Stress is unavoidable from time to time. Common sources of stress include the workplace, personal relationships, health problems, finances, and current events. You’re going to reach your threshold every now and then but high levels of stress can cause serious effects if they aren’t addressed.
What Are the Effects of Stress?
Stress is helpful in small amounts because it serves as a great motivator. It keeps you finishing tasks on time and doing the best you can to perform well. On the other hand, having too much stress in your life can lead to some lasting consequences. Some of the side effects of stress include:
- Excessive anxiety, worry, nervousness, or guilt
- Erratic mood swings
- Panic attacks
- Obsessive or compulsive behavior
- Reduced efficiency or productivity
- Frequent headaches
- Aches and pain in jaw, neck, or back
- Muscle spasms
- Gritting or grinding teeth
- Frequent sickness or infections
- Rashes or hives
- Chest pains
- Heart palpitations
- Changes in appetite
- Withdrawing from friends or family
- Difficulties with communication
- Constant tiredness or fatigue
- Increased smoking, alcohol, or drug use
Chronic stress leaves people vulnerable to developing many different health problems. Significant weight loss or gain caused by stress may result in more serious health concerns. It’s also associated with high blood pressure, heart attacks, and stroke. Ongoing sleep disturbances, such as insomnia or nightmares, are linked to chronic stress as well.
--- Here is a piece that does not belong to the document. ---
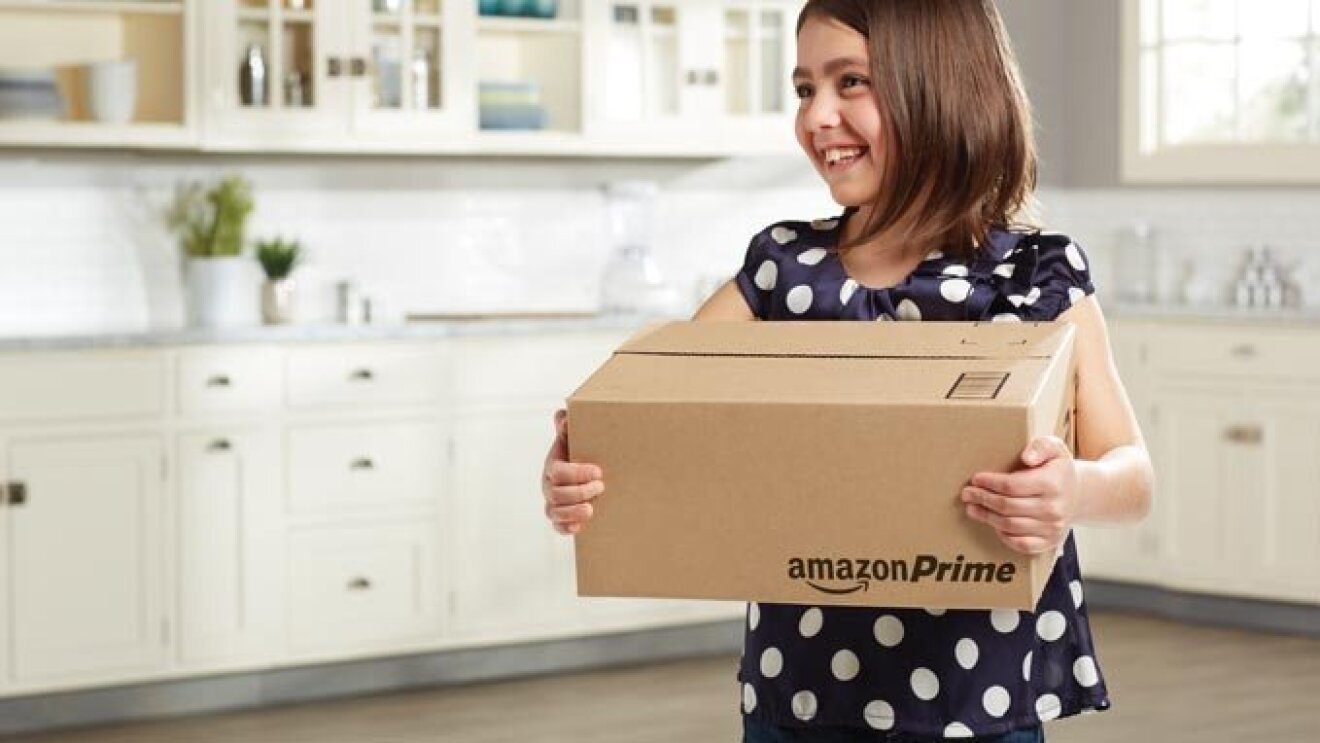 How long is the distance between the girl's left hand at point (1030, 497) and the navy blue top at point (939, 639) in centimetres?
22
How Can You Combat Stress?
You should look at your existing stress levels and find ways to reduce stress in your life. Combatting stress is crucial if you want to lower your risk of developing serious health issues later on. How can you combat stress in your daily life?
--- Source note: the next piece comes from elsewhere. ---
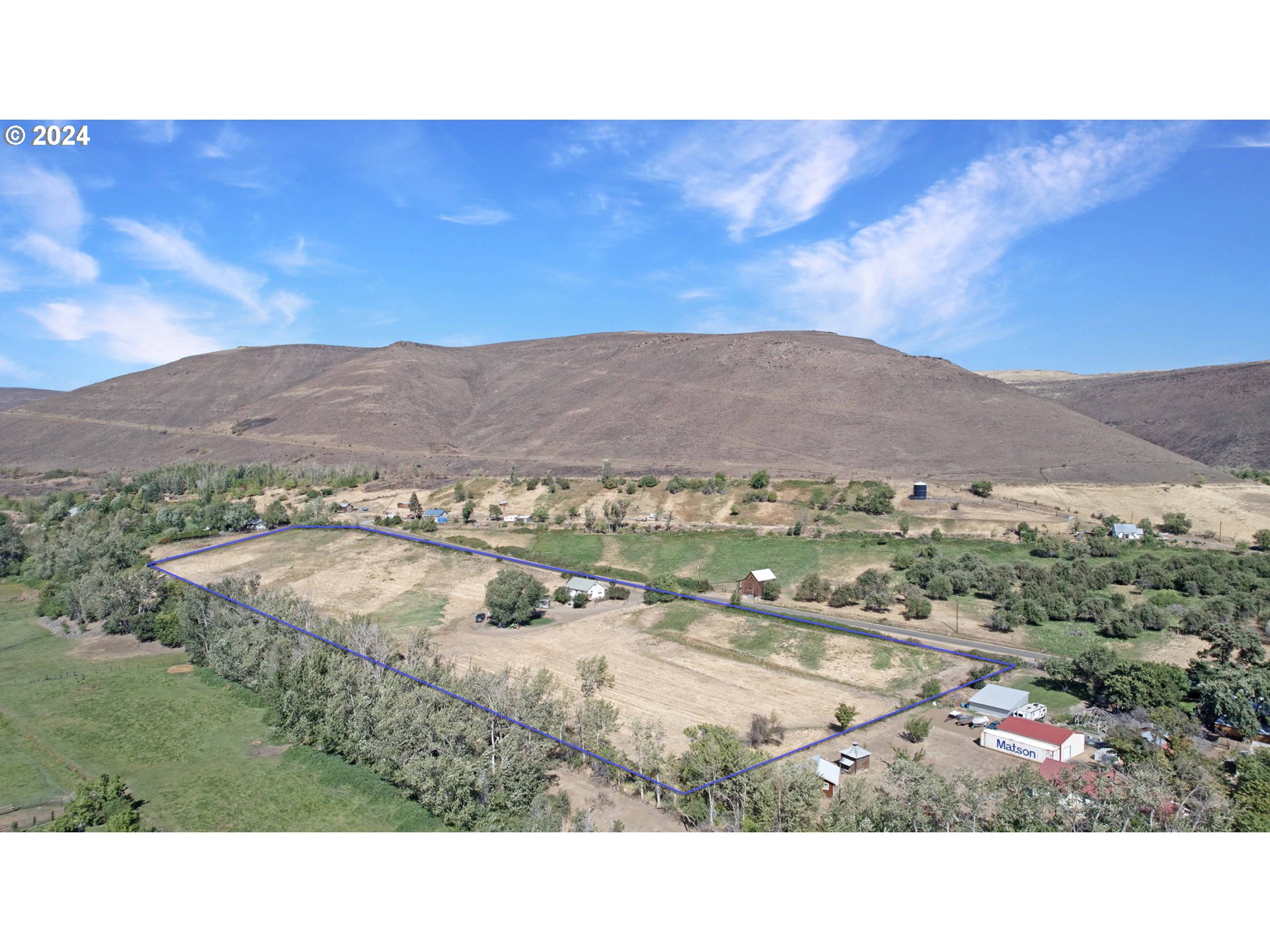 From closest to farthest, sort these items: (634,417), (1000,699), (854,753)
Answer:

Take Some Time For Yourself
One of the most effective ways to combat stress is to take some time for yourself. Between obligations at work, with friends, and with family, you’re pulled in different directions all the time. Taking time for yourself lets you recharge in ways you need and enjoy. Get some exercise, go for a drive, read a book, take a bath. Find things that make you feel at ease and incorporate them into your week.
Leave Work at Work
It might feel impossible but do your best to leave work at work. Turn off work-related notifications on your phone when work hours are over. Set boundaries on checking email outside of the office. If you run your own business, get a separate phone or computer so you can step away at a certain time.
Turn Off the News
It’s good to stay informed but constant inundation from the news can increase your stress levels. There’s only so much you can do in your daily life and watching negative things on television isn’t going to help. Turn off the news every now and then to get a break from the bigger events of the world.
Spend Time With Loved Ones
Spend time with your friends and family who help you feel at ease. If you have a hard time with certain individuals, spend more time around those that are easy and enjoyable to be around.